What is faith? This probably sounds like a silly question – but only if we have given it no thought because we assume we fully understand it. Consider one small sampling of the evidence.
In the second and third centuries before Christ, Jewish scholars translated their Hebrew Bible into Greek. We call their work the Septuagint. Interesting questions might be: When they used the Greek word pistis (faith), what Hebrew words and ideas were they trying to convey? Was their understanding of faith broader, the same or narrower than ours? Take a look.
Here is a list of the Hebrew words whose concepts the Septuagint translators chose to render into Greek by using pistis:
‘emun – trusting, faithfulness: Deuteronomy 32:20; Proverbs 13:17
‘emunah – faithfulness, trust and truth because it is reliable as something that is firm and steadfast: 1 Samuel 26:23; Psalm 33:4; Proverbs 12:17,22; 2 Kings 12:15; 1 Chronicles 9:31; 2 Chronicles 31:15; 34:12; Jeremiah 5:1; Hosea 2:20; Habakkuk 2:4
‘amanah – faith, support. Hence, a sure or reliable covenant: Nehemiah 9:38
‘emet – firmness, faithfulness: Proverbs 3:3
‘aman – made sure. Hence, if something is not made sure then it fails: Jeremiah 15:18
When the Septuagint translators encountered Hebrew words conveying trustworthiness and faithfulness, they chose to use the Greek word pistis to convey these ideas. It would appear their core understanding of pistis revolved around the idea of something or someone being reliable, embodying trustworthiness or exemplifying faithfulness through actions.
What is intriguing about their usage of faith is that its core idea was not limited to being an inner conviction or belief. Rather, their notion of faith revolved around being reliable – which could also be seen through action.
How does such an understanding compare with our ideas about faith? Can our view of faith embrace action or is it limited to the realm of inner convictions and beliefs?
Were they wrong to use faith in this way? Does the New Testament usage of faith also encompass faith as action? In other words, if our understanding of faith limits it to being a confident belief, are we in agreement with how the New Testament’s uses faith?
If we assume that faith means just believing, we will obtain a message from the New Testament. However, will this entail comprehending the authors’ intended meaning and hence achieve an author-centered understanding? Or will it merely be an echo of our own assumptions, thus confining us to a reader-centered understanding?
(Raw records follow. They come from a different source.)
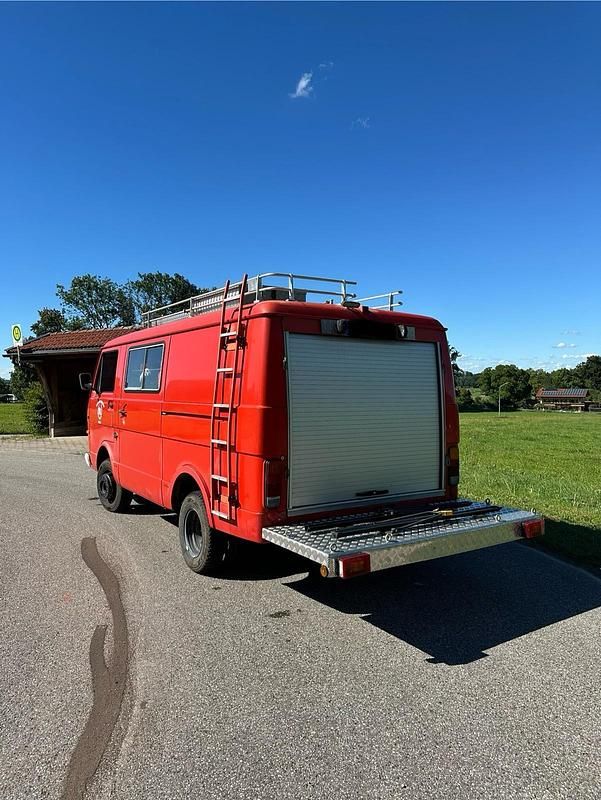 Gebraucht VW LT 75 PS (55 kW) 1982 Rot Van / Kleinbus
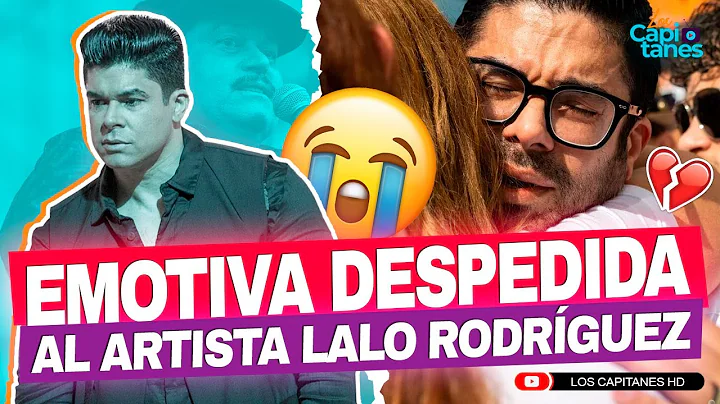 La emotiva DESPEDIDA de Jerry Rivera a Lalo Rodrguez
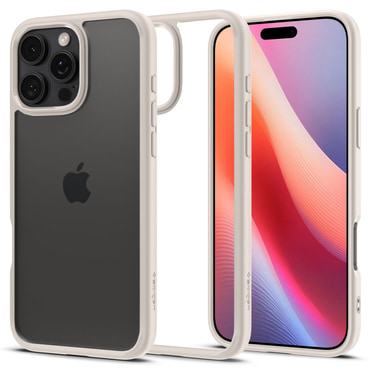 Maska Spigen "Ultra Hybrid" za iPhone 16 Pro Max - natural titanium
All of these questions highlight the value of asking fundamental questions and exploring the evidence. Relying upon assumptions is not a reliable path. It has been said that unexamined assumptions are the most dangerous ones. The reason for this is assumptions wield tremendous power influencing our lives. Unexamined assumptions thus wield that power without us realizing we are being controlled by them.